What to produce
Pictures stay out of the copy. Transcribe exactly, and only, the line with "House in Santo Antonio - Image 4" through the last line of the entries below.

Source data
--

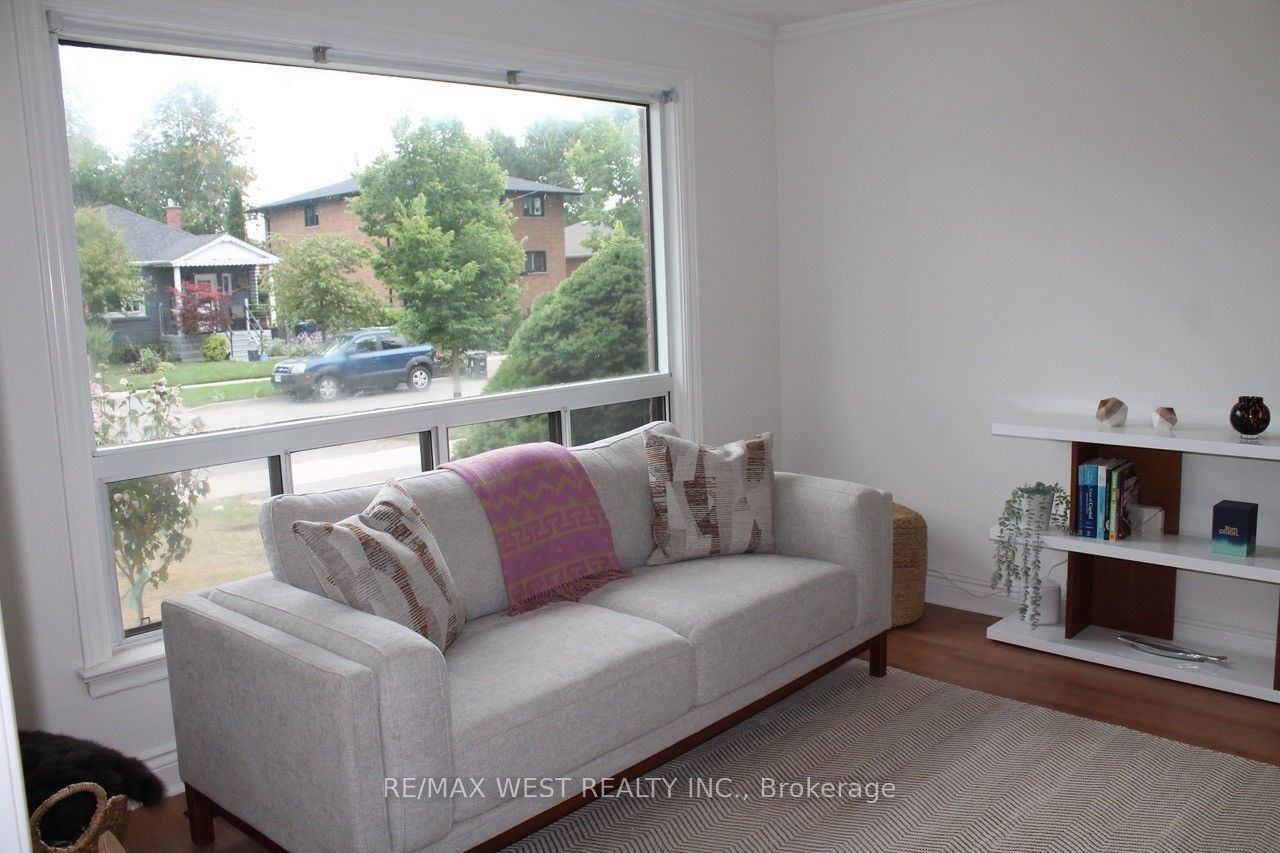 Unit Main - 14 Treeview Drive, Etobicoke 2
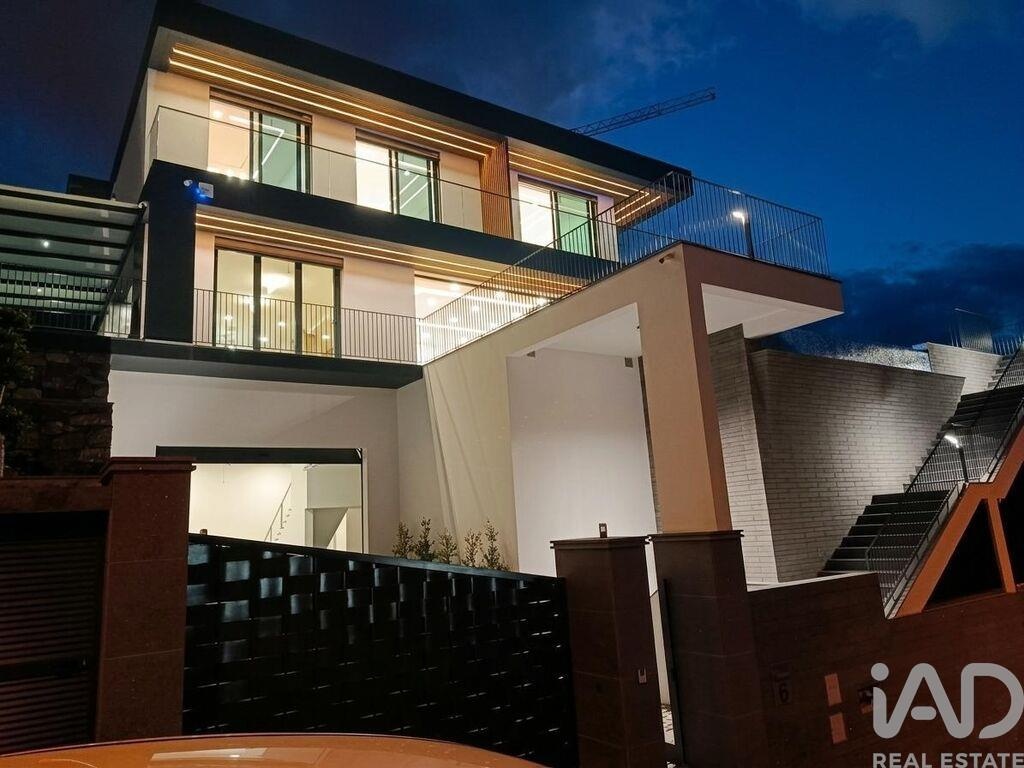 House in Santo Antonio - Image 4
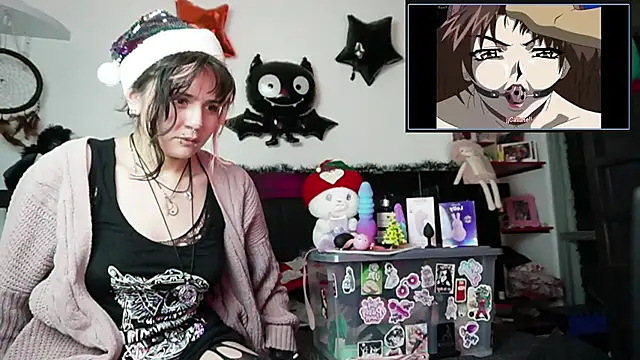 Snapshot of Devil_And_Princess chatting on 19, 12, 2025 Devil And Princess online show from 19, 12, 2025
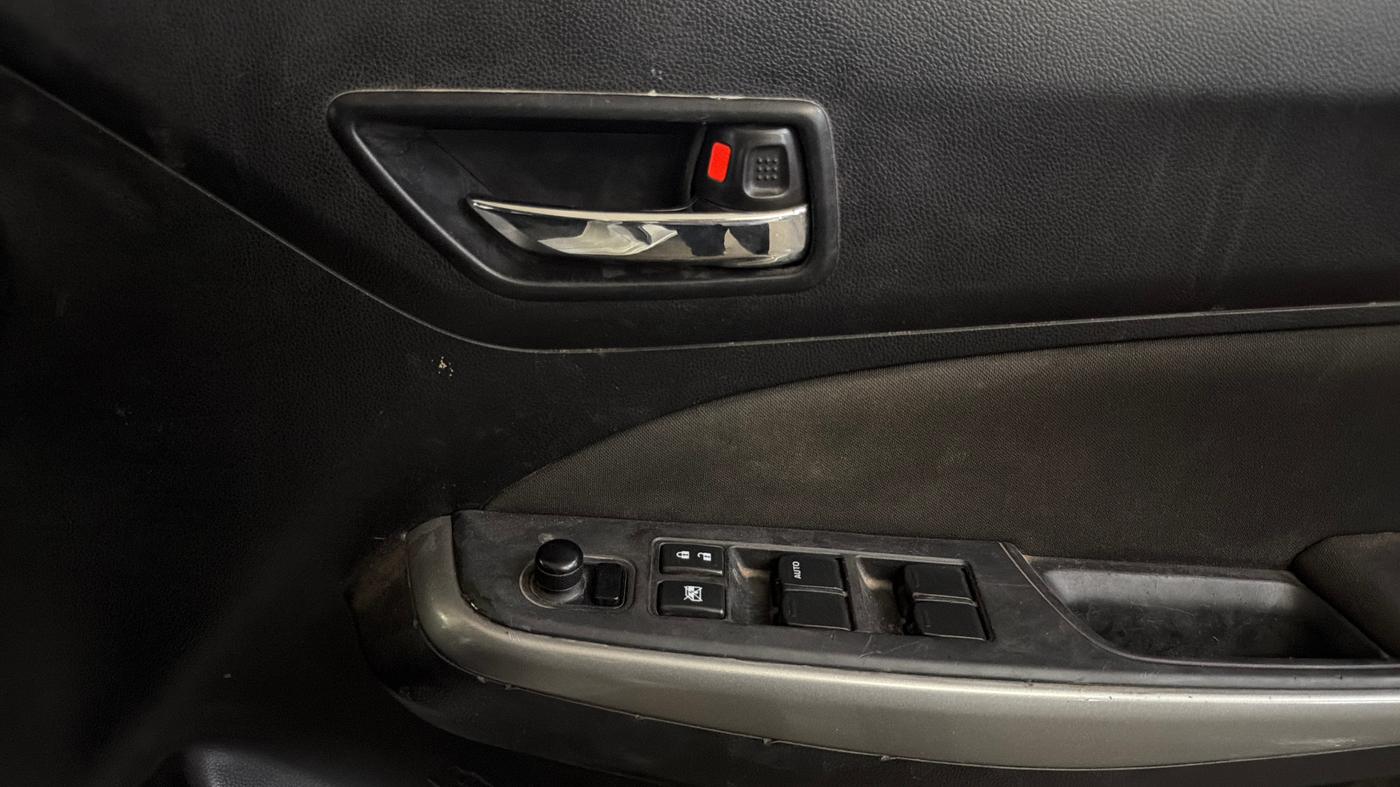 2018 Maruti Swift ZXI, Petrol, Manual, 71,971 km, Driver Side Door Panels Control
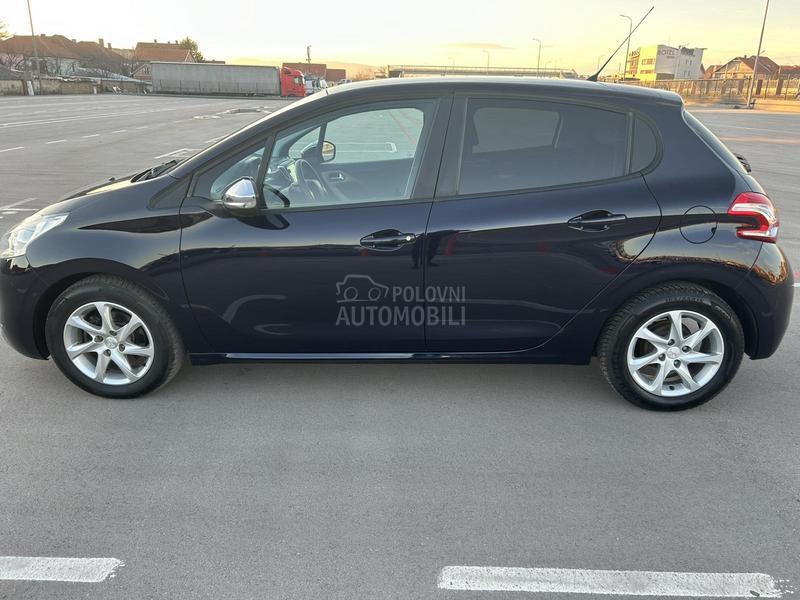 Peugeot 208 1.2 pure tech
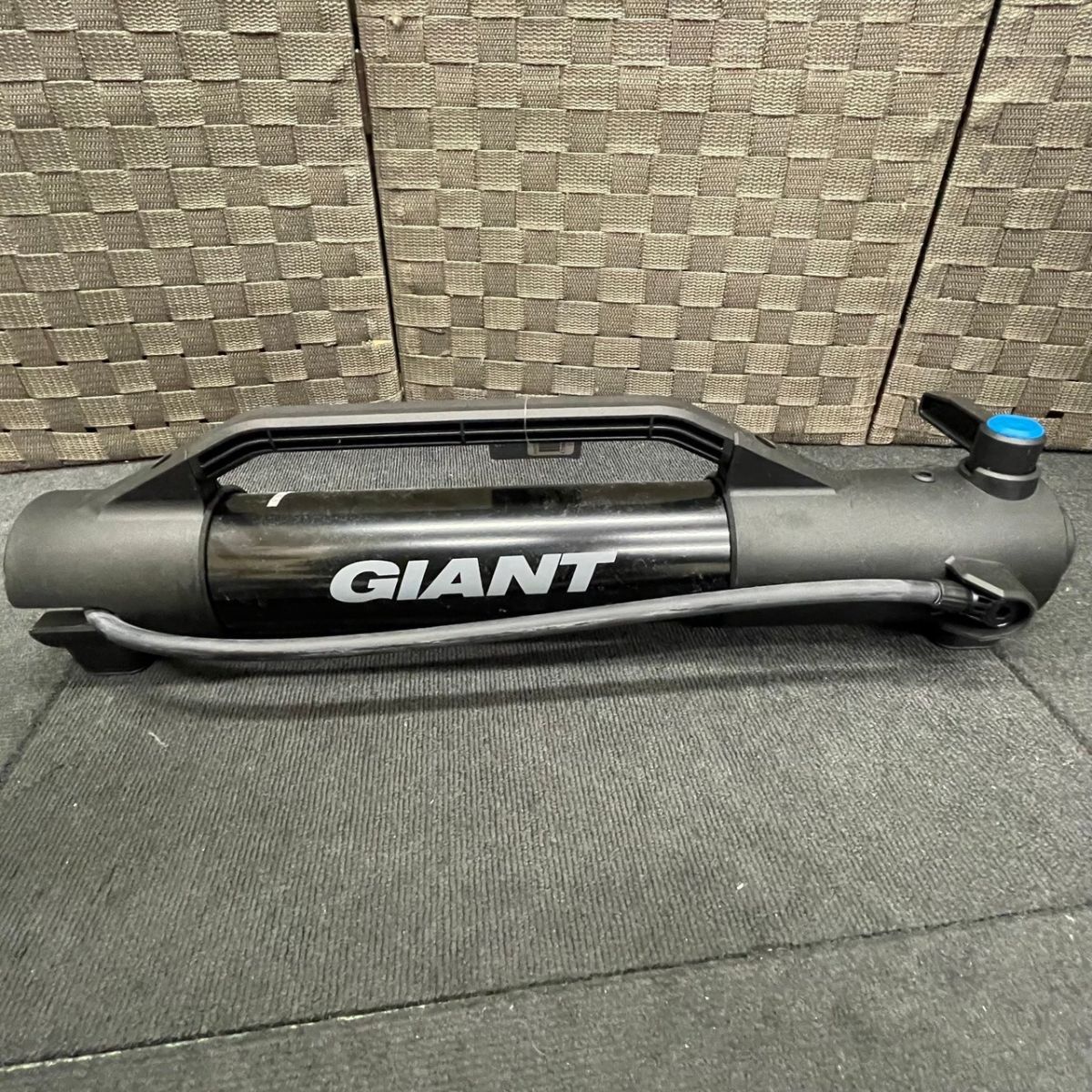 W809-D1-721 GIANT CONTROL TANK ジャイアント コントロールタンク 自転車 サイクリング用品 チューブレスタイヤ用 空気入れ 箱/タグ付 ③_画像2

--

Worked solution
 House in Santo Antonio - Image 4
 Snapshot of Devil_And_Princess chatting on 19, 12, 2025 Devil And Princess online show from 19, 12, 2025
 2018 Maruti Swift ZXI, Petrol, Manual, 71,971 km, Driver Side Door Panels Control
 Peugeot 208 1.2 pure tech
 W809-D1-721 GIANT CONTROL TANK ジャイアント コントロールタンク 自転車 サイクリング用品 チューブレスタイヤ用 空気入れ 箱/タグ付 ③_画像2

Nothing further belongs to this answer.